→ **TASK DIRECTIONS**: Every entry below should be repeated exactly; the pictures should not.

⟨

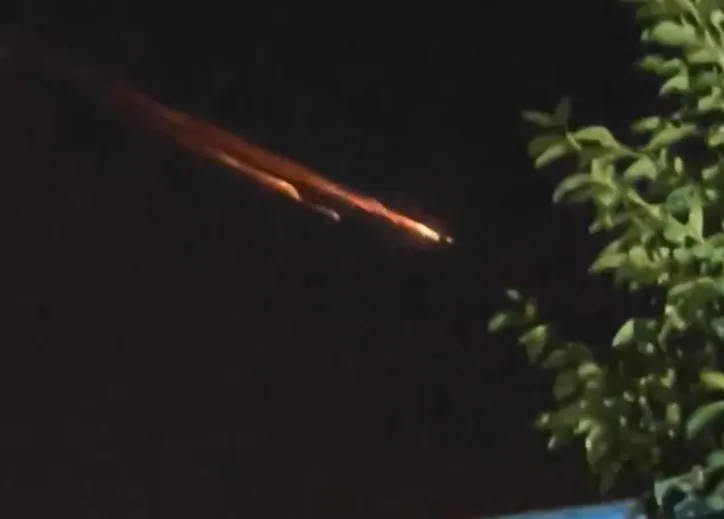 驚！山東夜空現「閃亮不明物體」　專家研判是「前蘇聯衛星」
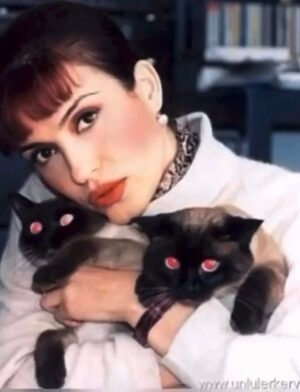 Ayşegül Aldinç Instagram - “Kediler insanları yargılamaz; şişman ya da aptal hissettirmezler!”
Canım kedilerim benim...😻🧿😽
Dünya Kediler günü kutlu olsun!
@aysegulunkedileri8 
🐾🐈🐈‍⬛
#dünyakedilergünü
#zuzu #miu
#osman #adem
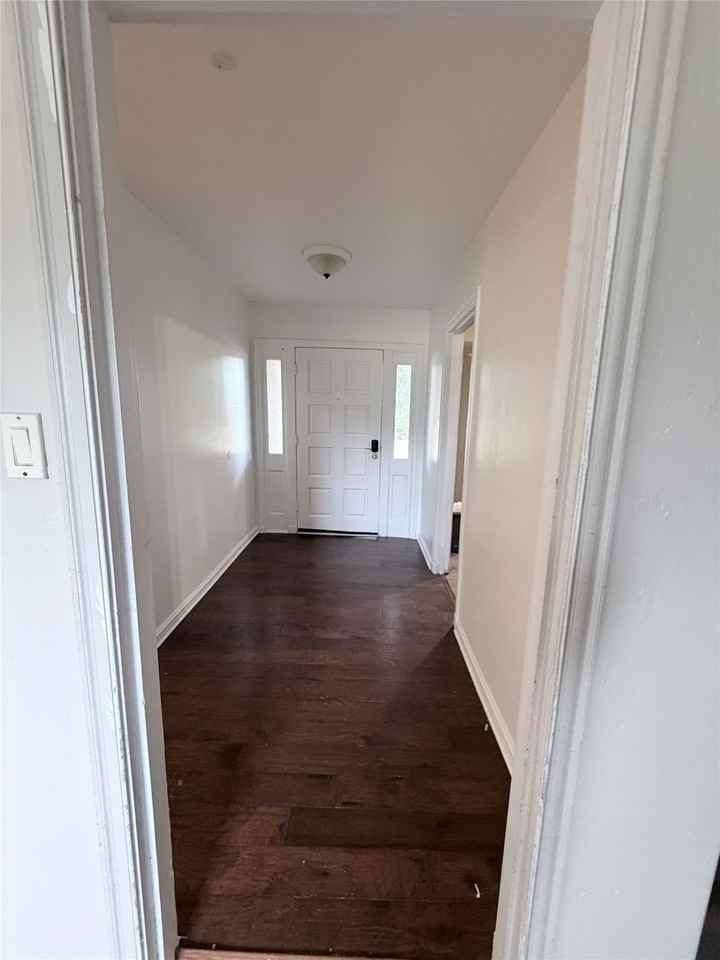 701 W Saunders St - Photo 2 of 14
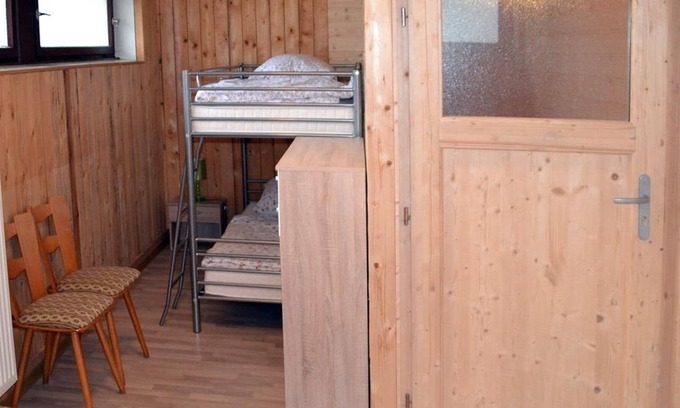 Mittelhof RV Rental | Wanderer Zimmer 3 - Campingplatz im Eichenwald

⟩

→ **TASK OUTPUT**:
 驚！山東夜空現「閃亮不明物體」　專家研判是「前蘇聯衛星」
 Ayşegül Aldinç Instagram - “Kediler insanları yargılamaz; şişman ya da aptal hissettirmezler!”
Canım kedilerim benim...😻🧿😽
Dünya Kediler günü kutlu olsun!
@aysegulunkedileri8 
🐾🐈🐈‍⬛
#dünyakedilergünü
#zuzu #miu
#osman #adem
 701 W Saunders St - Photo 2 of 14
 Mittelhof RV Rental | Wanderer Zimmer 3 - Campingplatz im Eichenwald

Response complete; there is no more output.